» Aim of the task
What is needed is a word-for-word transcript of the listing, free of pictures.

» The data
———
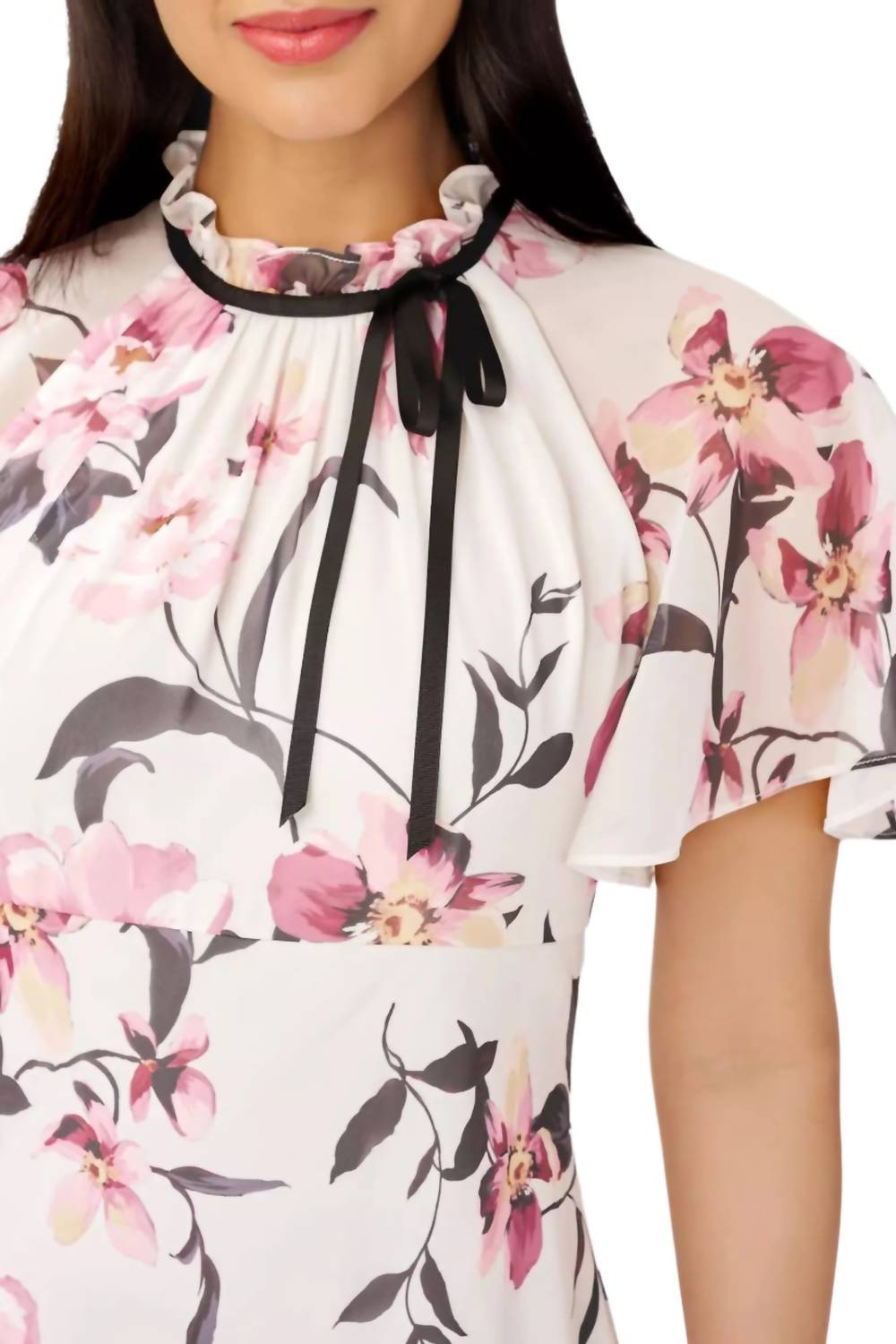 Adrianna Papell - Mock Neck Short Flutter Sleeves Midi Floral Dress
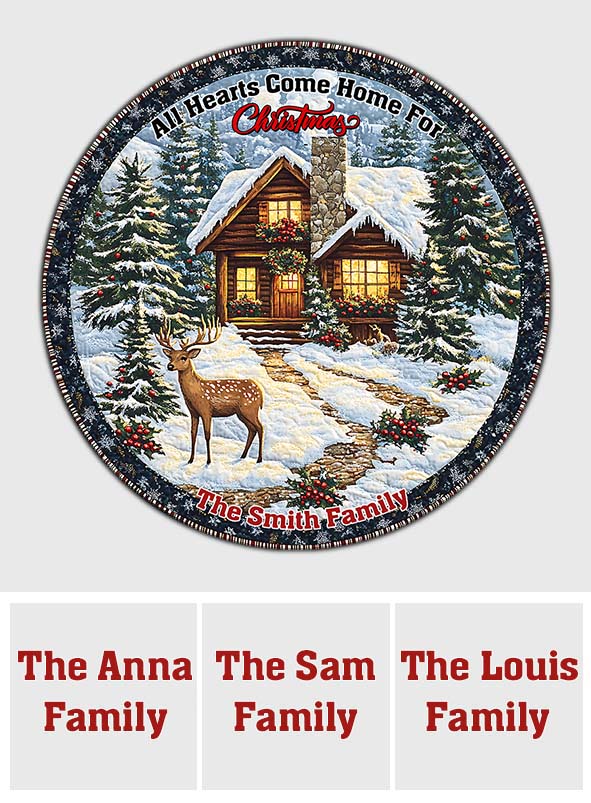 All Hearts Come Home For Christmas - Personalized Family Round Rug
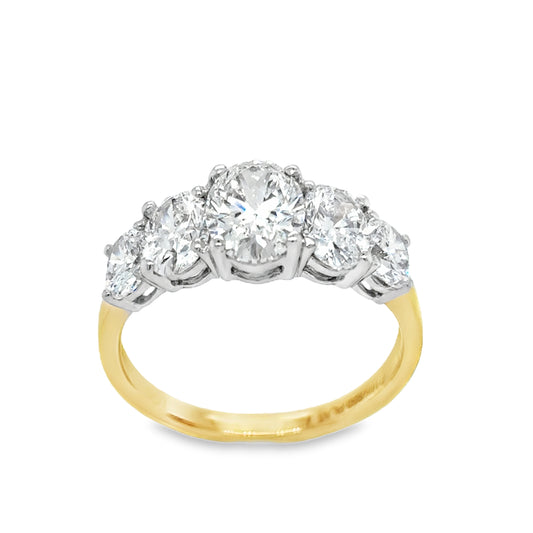 18ct 5 Stone Graduated Oval Cultured Diamond Ring 2.54ct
———
» Reply
 Adrianna Papell - Mock Neck Short Flutter Sleeves Midi Floral Dress
 All Hearts Come Home For Christmas - Personalized Family Round Rug
 18ct 5 Stone Graduated Oval Cultured Diamond Ring 2.54ct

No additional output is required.